Wakil Ketua Badan Legislasi DPR Achmad Baidowi saat dihubungi di Jakarta, Kamis (9/4/2020), mengatakan, keberadaan KASN selama ini hanya mempergemuk alur birokrasi dalam pengawasan ASN. Akibatnya, malah terjadi saling lempar kewenangan antara KASN dan Kementerian Pendayagunaan Aparatur Negara dan Reformasi Birokrasi (Kemenpan RB).
Oleh karena itu, lanjut Baidowi, berdasarkan pengawasan DPR selama ini, KASN lebih baik dihapuskan dari UU Nomor 5 Tahun 2014 tentang ASN.

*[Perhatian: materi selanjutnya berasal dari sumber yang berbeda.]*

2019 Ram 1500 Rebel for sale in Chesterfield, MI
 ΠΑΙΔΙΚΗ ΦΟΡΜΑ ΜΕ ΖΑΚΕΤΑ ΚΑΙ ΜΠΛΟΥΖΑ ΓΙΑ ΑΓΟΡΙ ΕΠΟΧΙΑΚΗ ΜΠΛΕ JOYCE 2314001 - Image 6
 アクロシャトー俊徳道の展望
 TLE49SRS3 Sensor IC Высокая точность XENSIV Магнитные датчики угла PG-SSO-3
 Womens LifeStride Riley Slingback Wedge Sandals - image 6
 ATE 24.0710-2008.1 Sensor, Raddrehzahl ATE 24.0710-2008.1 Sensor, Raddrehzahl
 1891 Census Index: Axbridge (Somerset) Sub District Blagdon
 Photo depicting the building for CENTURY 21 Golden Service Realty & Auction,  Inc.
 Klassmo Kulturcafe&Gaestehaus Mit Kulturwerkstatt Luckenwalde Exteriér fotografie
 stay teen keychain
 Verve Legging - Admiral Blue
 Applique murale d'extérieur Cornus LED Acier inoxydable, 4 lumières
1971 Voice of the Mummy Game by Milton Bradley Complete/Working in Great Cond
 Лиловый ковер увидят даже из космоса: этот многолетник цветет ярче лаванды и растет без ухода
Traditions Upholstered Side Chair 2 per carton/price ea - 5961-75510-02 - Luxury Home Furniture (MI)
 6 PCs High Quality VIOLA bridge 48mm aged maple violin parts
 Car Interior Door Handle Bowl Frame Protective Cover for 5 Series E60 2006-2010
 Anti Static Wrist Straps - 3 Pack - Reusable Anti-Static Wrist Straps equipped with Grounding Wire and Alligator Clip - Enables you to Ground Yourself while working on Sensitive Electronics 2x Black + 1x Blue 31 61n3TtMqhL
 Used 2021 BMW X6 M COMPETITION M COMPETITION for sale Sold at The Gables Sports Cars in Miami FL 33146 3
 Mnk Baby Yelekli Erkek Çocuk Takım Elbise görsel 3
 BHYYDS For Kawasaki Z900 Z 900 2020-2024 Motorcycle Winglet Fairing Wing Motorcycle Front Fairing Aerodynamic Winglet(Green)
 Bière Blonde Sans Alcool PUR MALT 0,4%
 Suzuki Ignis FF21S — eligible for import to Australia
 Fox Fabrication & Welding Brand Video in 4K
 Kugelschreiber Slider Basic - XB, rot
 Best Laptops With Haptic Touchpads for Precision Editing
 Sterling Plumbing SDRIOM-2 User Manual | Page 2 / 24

”Semangatnya adalah miskin struktur, tetapi kaya fungsi. Bukan malah kaya struktur tetapi miskin fungsi. Ya, sudah daripada saling lempar kewenangan, satu pintu sajalah, daripada buang-buang anggaran juga,” ujar Baidowi.
Sebelumnya dalam rapat pleno Baleg pada Rabu (19/2), Baleg DPR memutuskan RUU hasil harmonisasi revisi UU ASN yang disetujui menjadi usul inisiatif Dewan. Tahapan selanjutnya, pimpinan DPR akan berkirim surat kepada Presiden dan mengirim kan draf DPR.
”Semangatnya adalah miskin struktur, tetapi kaya fungsi. Bukan malah, kaya struktur tetapi miskin fungsi. Ya sudah daripada saling lempar kewenangan, satu pintu sajalah, daripada buang-buang anggaran juga.”
Baidowi menyampaikan, berangkat dari pengawasan DPR, fungsi KASN tak ada hubungannya dengan peningkatan kualitas kerja dan peningkatan disiplin ASN. Lagi pula, menurut dia, rekomendasi yang selama ini disampaikan oleh KASN tidak memiliki argumentasi yang kuat.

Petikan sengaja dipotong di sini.